STUDY MATERIAL START

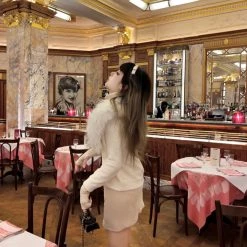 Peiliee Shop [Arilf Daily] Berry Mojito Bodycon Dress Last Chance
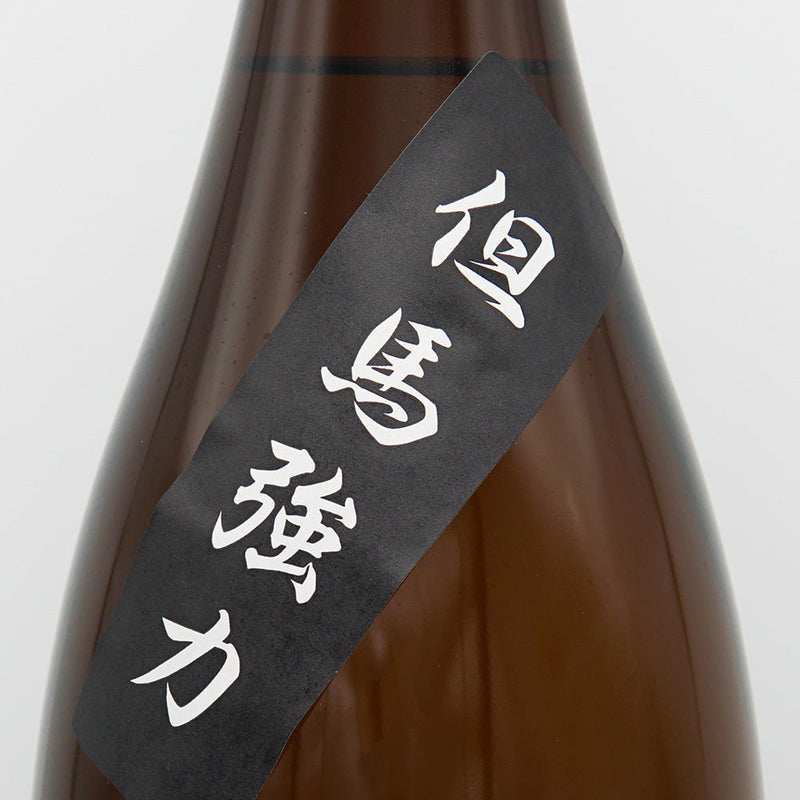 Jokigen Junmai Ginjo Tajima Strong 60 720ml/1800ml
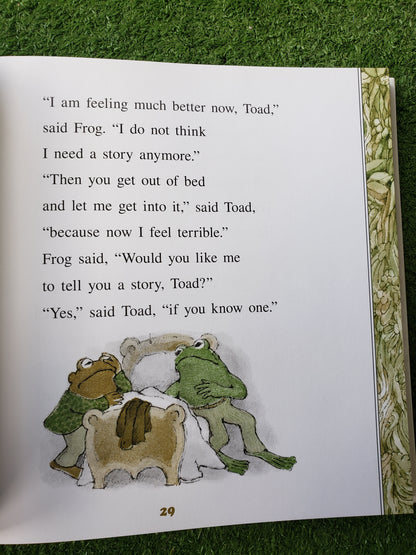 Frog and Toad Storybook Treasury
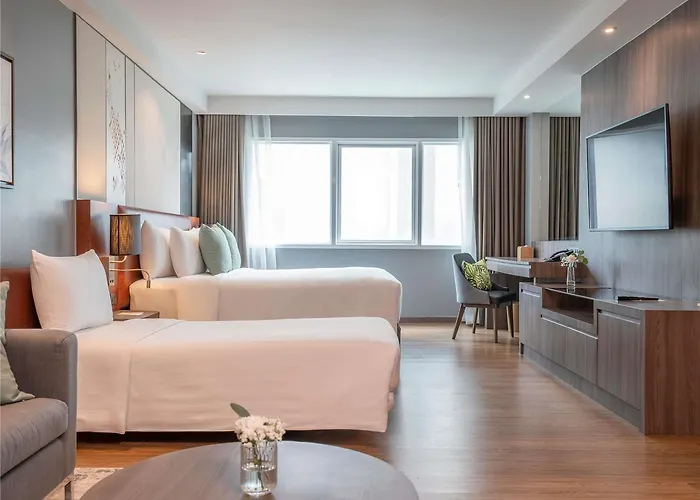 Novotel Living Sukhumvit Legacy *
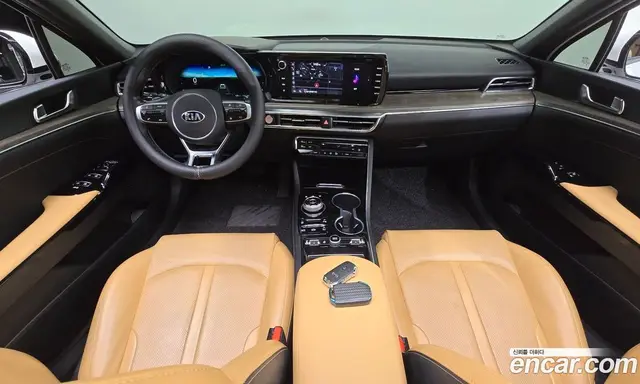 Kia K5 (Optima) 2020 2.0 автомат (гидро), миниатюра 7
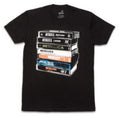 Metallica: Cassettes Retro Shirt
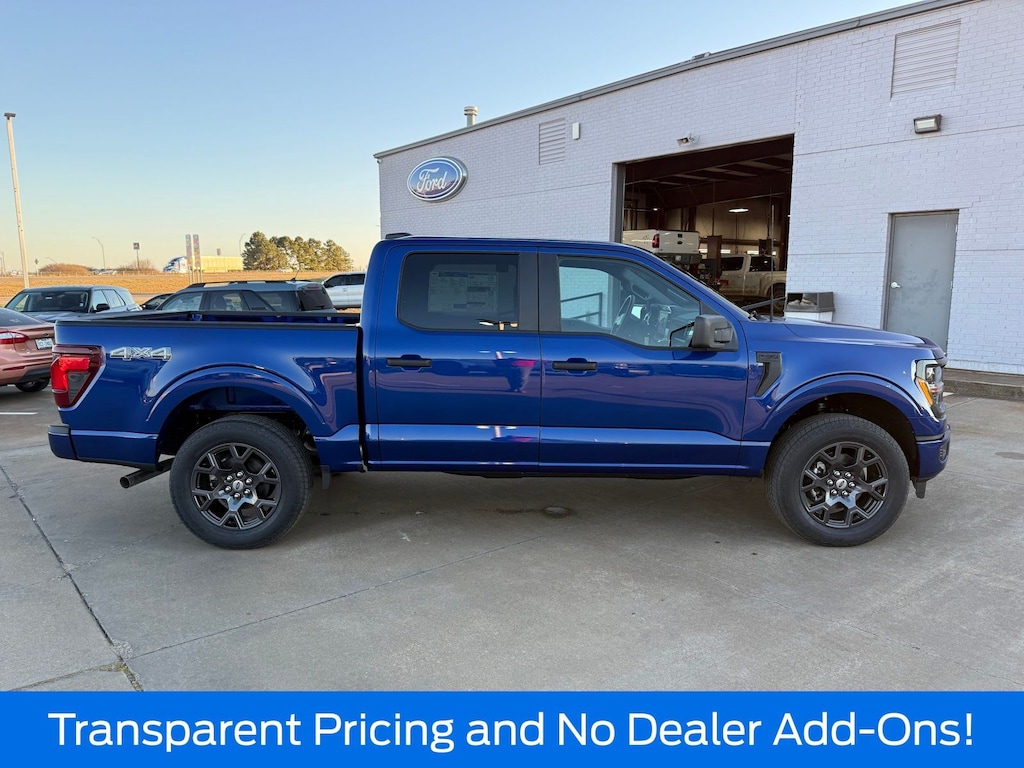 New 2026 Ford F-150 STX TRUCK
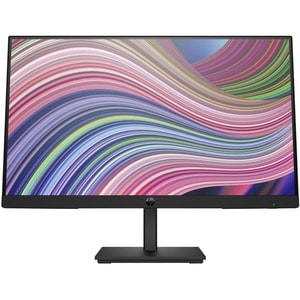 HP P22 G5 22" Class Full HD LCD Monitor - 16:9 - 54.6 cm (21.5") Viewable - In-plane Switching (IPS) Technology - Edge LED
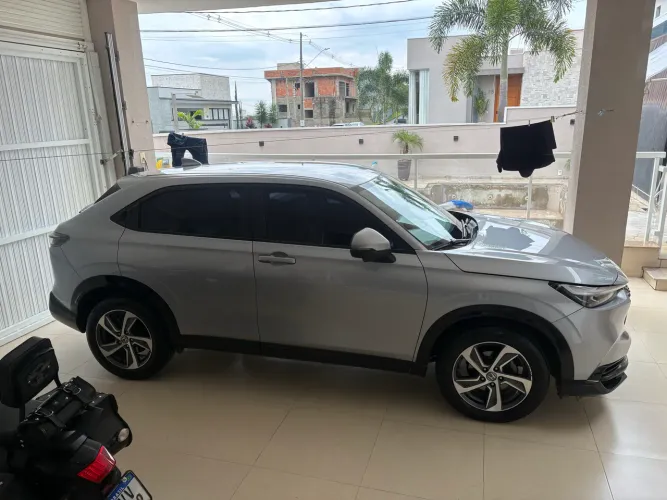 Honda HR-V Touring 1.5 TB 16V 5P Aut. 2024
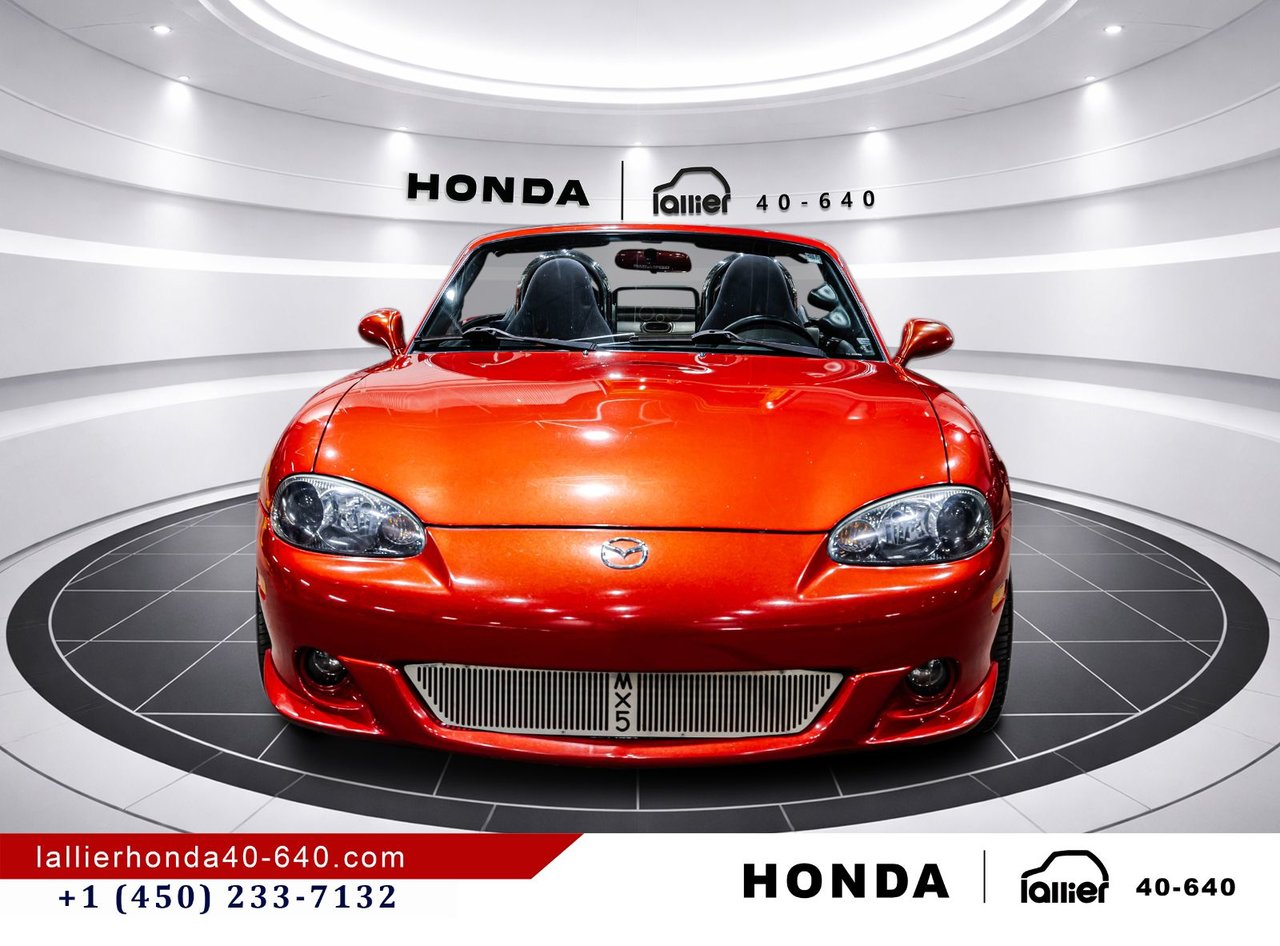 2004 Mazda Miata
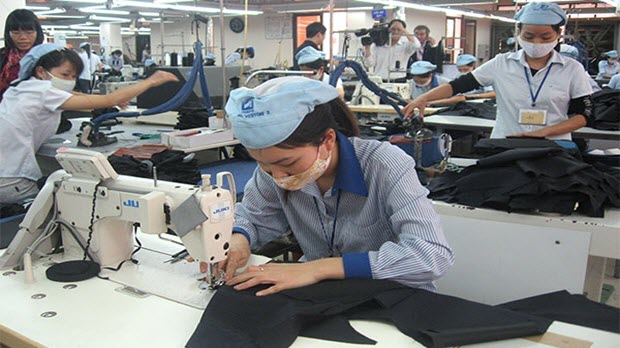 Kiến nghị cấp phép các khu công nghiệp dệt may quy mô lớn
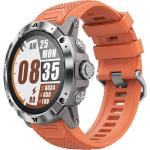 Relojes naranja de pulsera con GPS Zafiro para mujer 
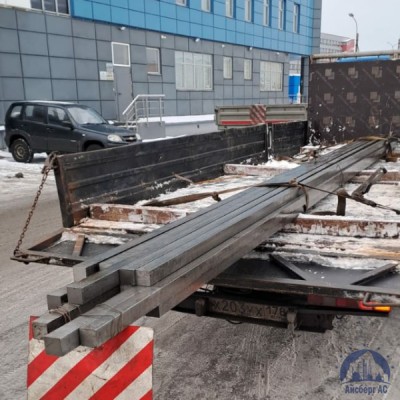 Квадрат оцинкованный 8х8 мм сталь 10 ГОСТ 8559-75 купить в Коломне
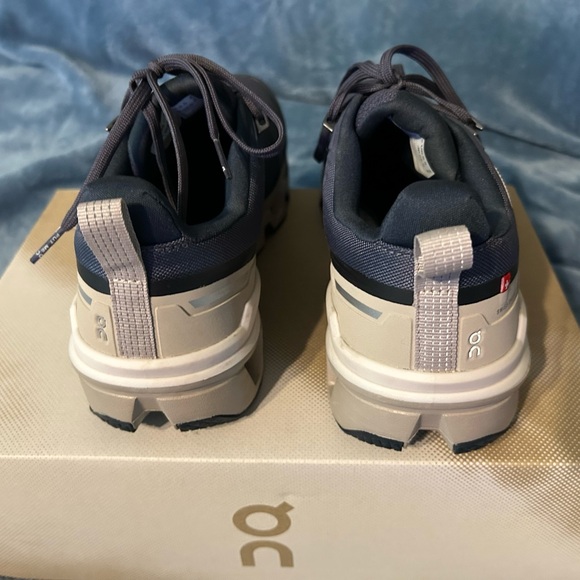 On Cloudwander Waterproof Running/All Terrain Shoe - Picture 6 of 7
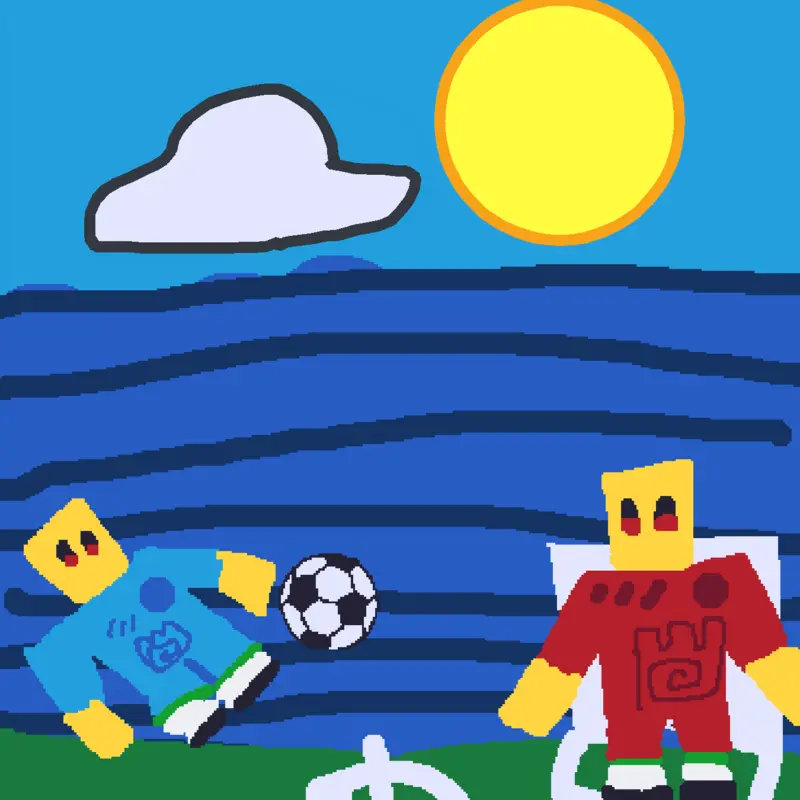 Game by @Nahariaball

STUDY MATERIAL END

THE PROBLEM — The records are to be duplicated in full and exactly, with images left out.

RESPONSE TO THIS EXERCISE —
 Peiliee Shop [Arilf Daily] Berry Mojito Bodycon Dress Last Chance
 Jokigen Junmai Ginjo Tajima Strong 60 720ml/1800ml
 Frog and Toad Storybook Treasury
 Novotel Living Sukhumvit Legacy *
 Kia K5 (Optima) 2020 2.0 автомат (гидро), миниатюра 7
 Metallica: Cassettes Retro Shirt
 New 2026 Ford F-150 STX TRUCK
 HP P22 G5 22" Class Full HD LCD Monitor - 16:9 - 54.6 cm (21.5") Viewable - In-plane Switching (IPS) Technology - Edge LED
 Honda HR-V Touring 1.5 TB 16V 5P Aut. 2024
 2004 Mazda Miata
 Kiến nghị cấp phép các khu công nghiệp dệt may quy mô lớn
 Relojes naranja de pulsera con GPS Zafiro para mujer 
 Квадрат оцинкованный 8х8 мм сталь 10 ГОСТ 8559-75 купить в Коломне
 On Cloudwander Waterproof Running/All Terrain Shoe - Picture 6 of 7
 Game by @Nahariaball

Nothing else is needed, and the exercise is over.